Il giorno lunedì 12 ottobre 2015 10:51:50 UTC+2, John Michael Lafayette ha 
scritto:
> Now that Python has static type checking and support for IDE auto-complete 
> (PEP 484?), I beg you to please use it. In your standard library, in your 
> production code, in everywhere. I cannot type without auto-complete. 
> 
> I know that sounds ridiculous, but I have been coding on a daily basis for 
> the last four years and I cannot recall the last time I actually typed out a 
> variable or function name without auto-complete typing it for me. To me, 
> java.net.DatagramSocket isn't "DatagramSocket". It is "Da" + Ctrl + Space + 
> Enter (auto complete). I literally memorized the number of characters I have 
> to type for auto-complete to guess the variable name and then I only type 
> that many characters. For me, typing without auto-complete is like doing 
> surgery with a kitchen knife. It's messy and error prone and I make lots of 
> mistakes and have to try twice as hard to remember the actual names of 
> variables instead of just whatever they start with. 
> 
> You don't understand because you actually know what all the function names 
> are and you don't have to constantly hover over them in auto-complete and 
> pull up their documentation to figure out how to use them. But I do. And for 
> me, without auto-complete, the learning process goes from actively querying 
> the IDE for one documentation after another to having to minimize the IDE and 
> Google search for each and every function and module that I"m not familiar 
> with.
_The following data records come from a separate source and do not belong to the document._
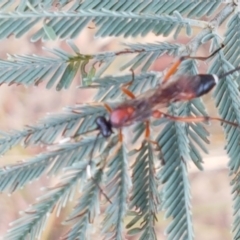 Ichneumonidae (family) at Harrison, ACT - 2 Jan 2021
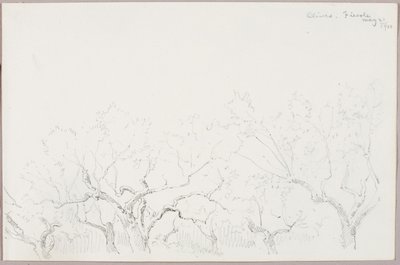 Olive--Fiesole da George Elbert Burr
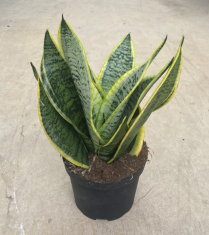 6" SANSEVIERIA, SUPERBA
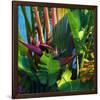 WaterPalm 03-Rick Novak-Framed Art Print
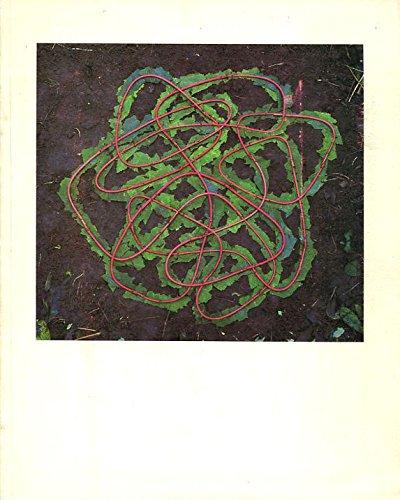 Rain, Sun, Snow, Hail, Mist, Calm: Photoworks By Andy Goldsworthy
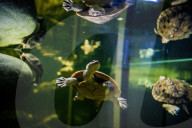 FEATURE - Das Turtle Center beherbergt verschiedene Arten von Schildkröten 
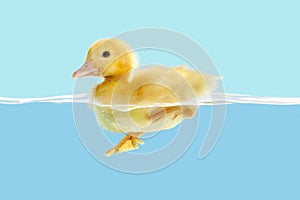 Duckling first swim photo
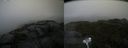 ./images/calvert/buxton2/20210828/buxton220210828_115503M.jpg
Auto-complete literally cuts the learning time by more than half. 
> 
> So please please please use PEP 484 to document all your standard library 
> functions. Not for static compilation. Not even for catching mistakes caused 
> by bad function input (although I like that). For Christ's sake, do it for 
> the auto-complete. I gave up on JavaScript in favor of TypeScript for a 
> reason god dammit.
> 
> On Oct 11, 2015 3:45 PM, "Matt Wheeler" <m...@funkyhat.org> wrote:
> On 9 October 2015 at 17:26, John Michael Lafayette
> 
> <johnmicha...@gmail.com> wrote:
> 
> > I would like Python to have a strong typing feature that can co-exist with
> 
> > the current dynamic typing system. Currently Python is like this:
> 
> >
> 
> >     var animal = Factory.make("dog")  # okay.
> 
> >     var dog = Factory.make("dog")       # okay.
> 
> >     var cat = Factory.make("dog")        # are you sure?
> 
> >
> 
> > I would like Python to also be able to also do this:
> 
> >
> 
> >     Animal a = Factory.make("dog")    # okay. Dog is Animal.
> 
> >     Dog d = Factory.make("dog")         # okay. Dog is Dog.
> 
> >     Cat c = Factory.make("cat")           # Runtime error. Dog is not Cat.
> 
> 
> 
> Though it's intended for performance optimisation rather than simply
> 
> static typing for static typing's sake, you could probably use Cython
> 
> to achieve what you want...
> 
> 
> 
> ...but then you might start to see the benefits of dynamic typing :)
> 
> 
> 
> 
> 
> --
> 
> Matt Wheeler
> 
> http://funkyh.at

As far as I know the shell (if I can call it a shell) IPython has a sort of 
autocomplete. Given an object, after a dot if you type a tab it will give you 
the list of all the method that it can retrieve from the function dir(). 

geany, and spyder have also a sort of autocomplete.